▶ _Aim of the exercise_: Transcribe the data that follows without changing a word, and omit the pictures.

▶ _Extracted records_:
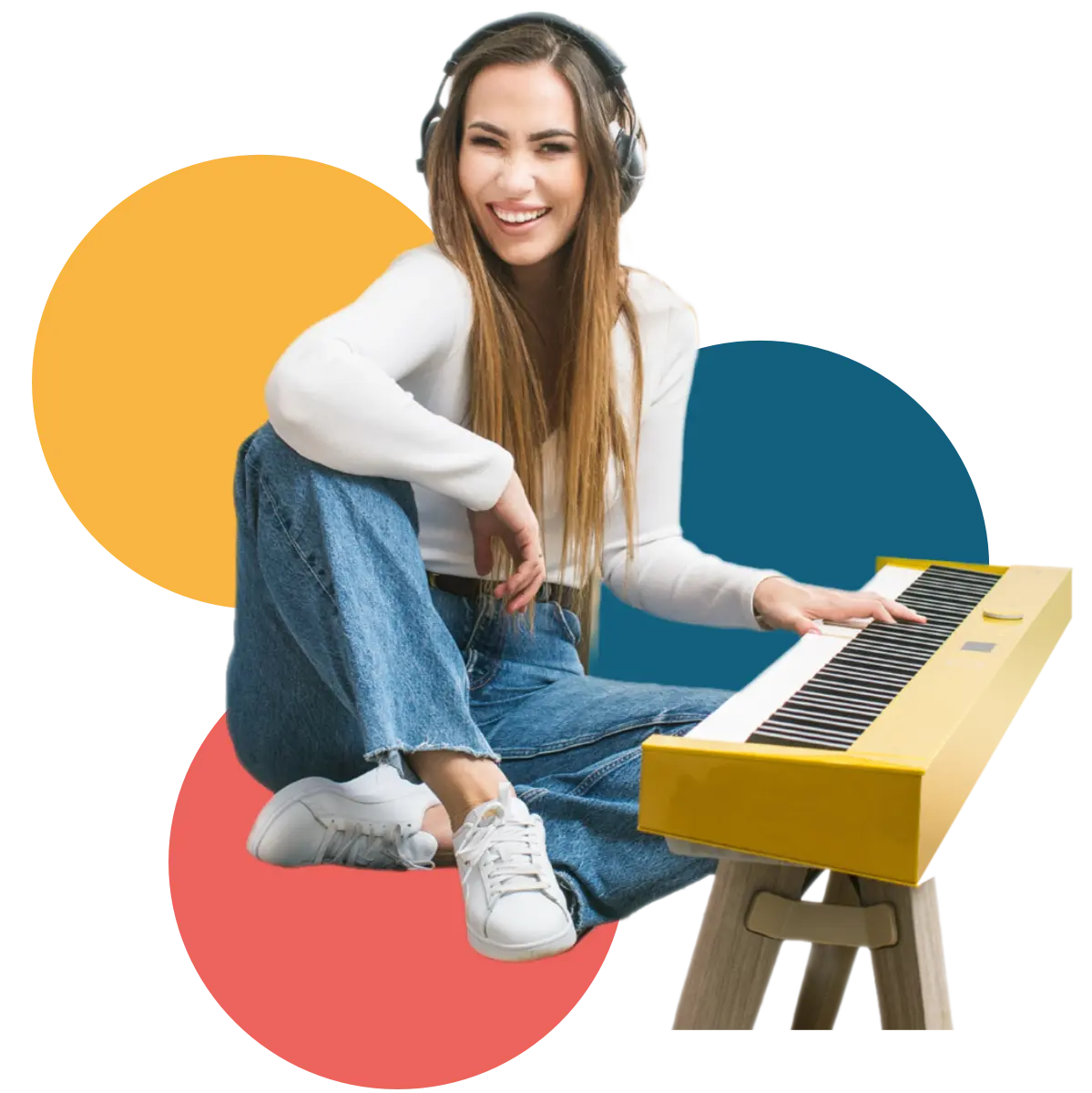 Kasia Majerczyk przy pianinie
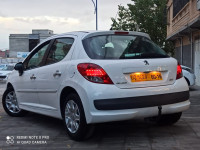 voitures-peugeot-207-2012-oum-el-bouaghi-algerie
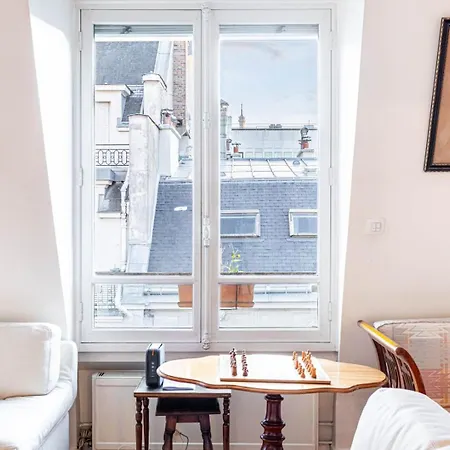 Guestready - Spacious Comfort In The 8th Париж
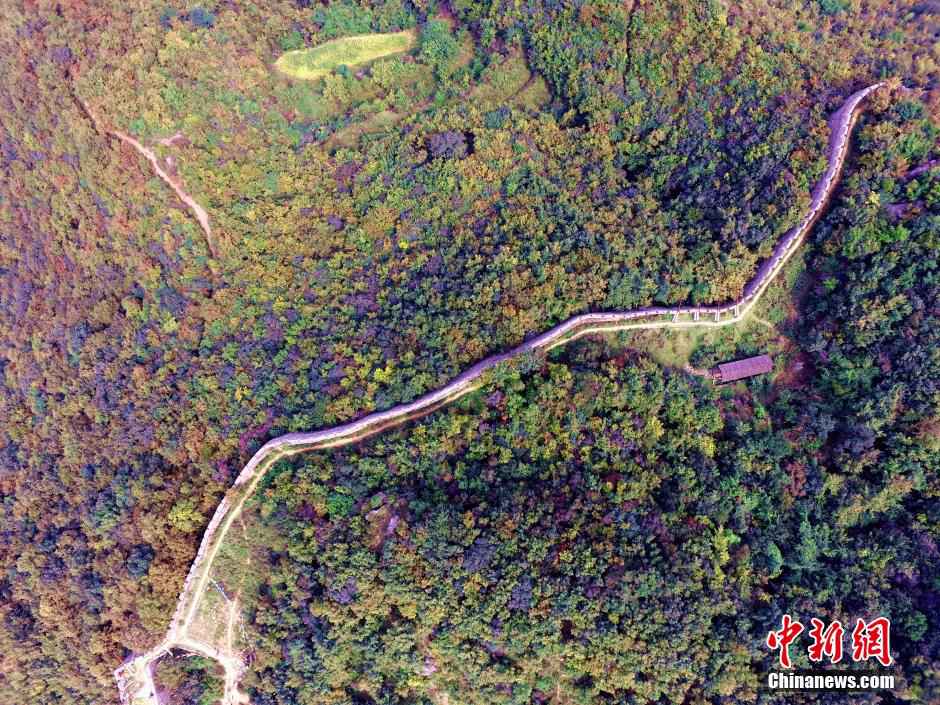 Winding ancient 'Great Wall' in Henan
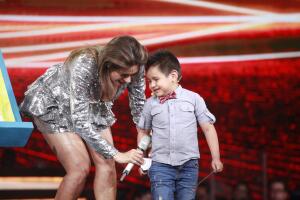 Galilea "le toma una fotografía" a los músicos de Pequeños Gigantes y nosotros tenemos el momento preciso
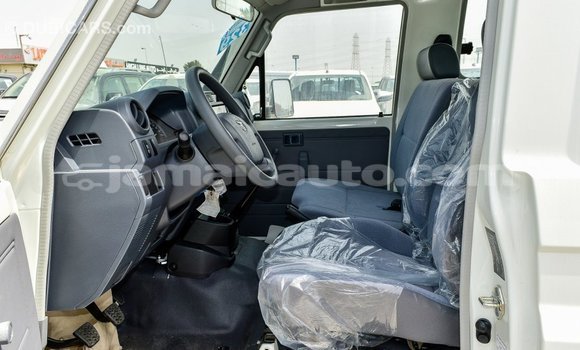 Buy Import Toyota Land Cruiser White Car in Import - Dubai in Clarendon Buy Import Toyota Land Cruiser White Car in Import - Dubai in Clarendon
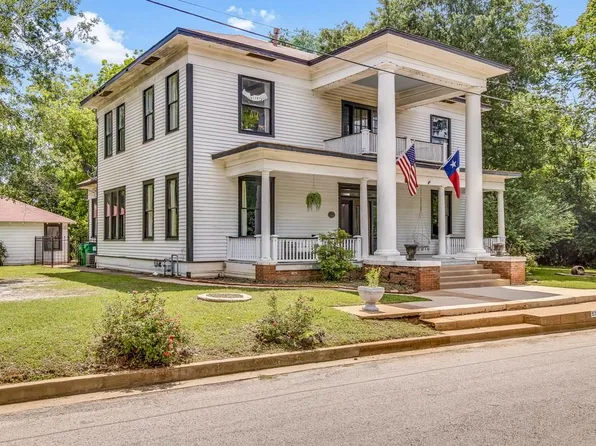 922 N Link St, Palestine, TX 75801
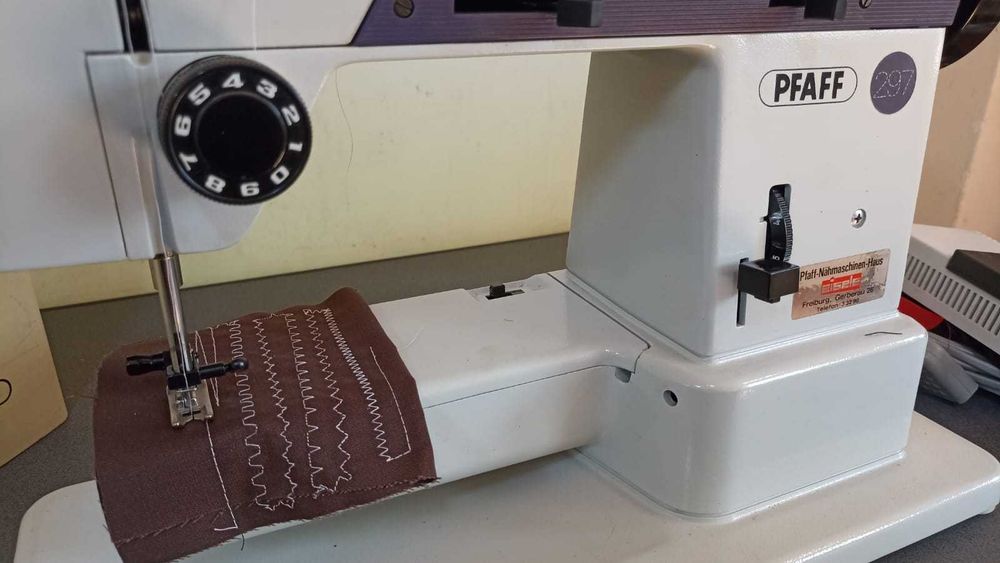 Masina de cusut Pfaff 297 cu brat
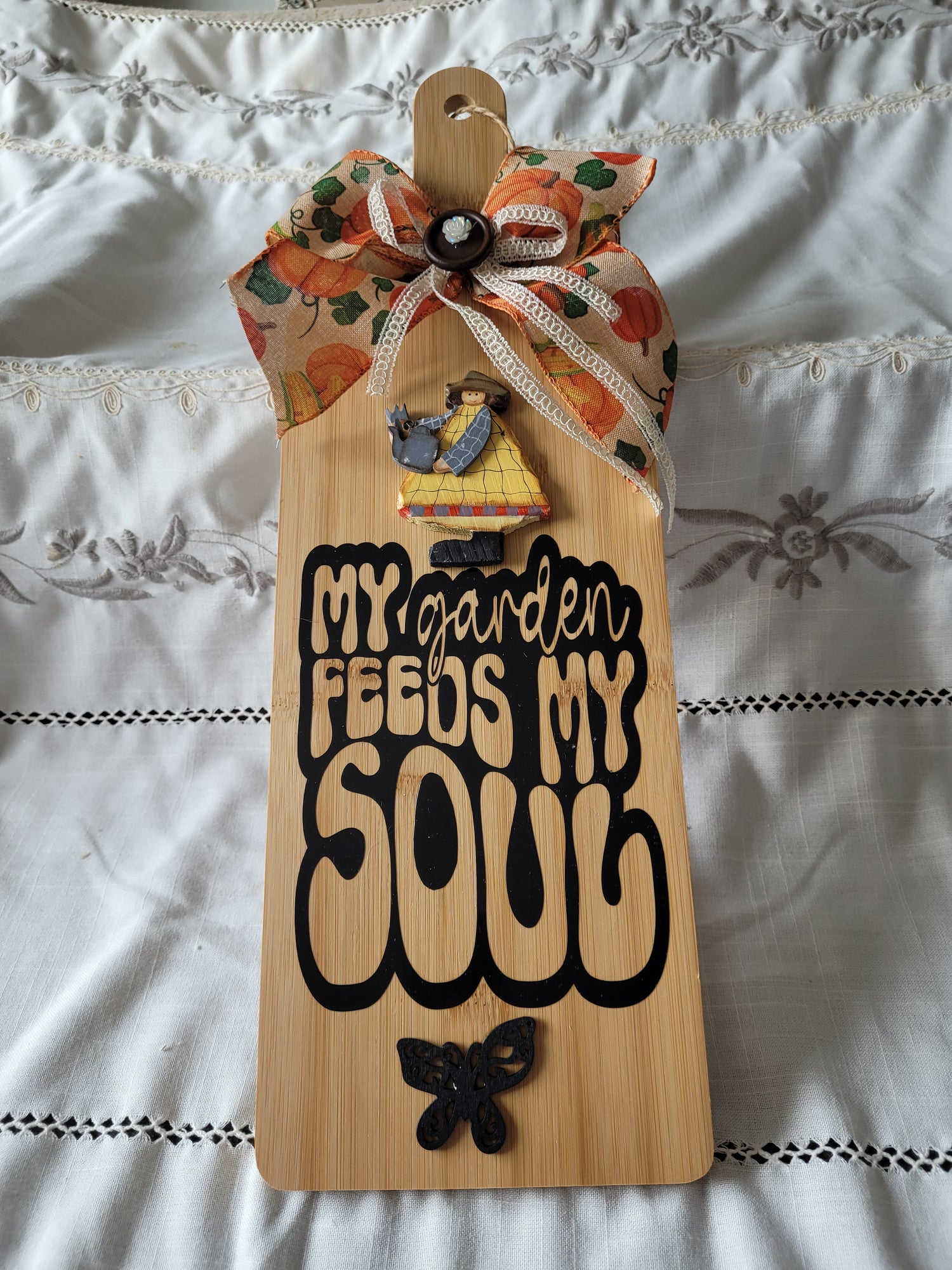 DECORATIVE CUTTING AND CHEESE BOARDS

▶ _Expected output_:
 Kasia Majerczyk przy pianinie
 voitures-peugeot-207-2012-oum-el-bouaghi-algerie
 Guestready - Spacious Comfort In The 8th Париж
 Winding ancient 'Great Wall' in Henan
 Galilea "le toma una fotografía" a los músicos de Pequeños Gigantes y nosotros tenemos el momento preciso
 Buy Import Toyota Land Cruiser White Car in Import - Dubai in Clarendon Buy Import Toyota Land Cruiser White Car in Import - Dubai in Clarendon
 922 N Link St, Palestine, TX 75801
 Masina de cusut Pfaff 297 cu brat
 DECORATIVE CUTTING AND CHEESE BOARDS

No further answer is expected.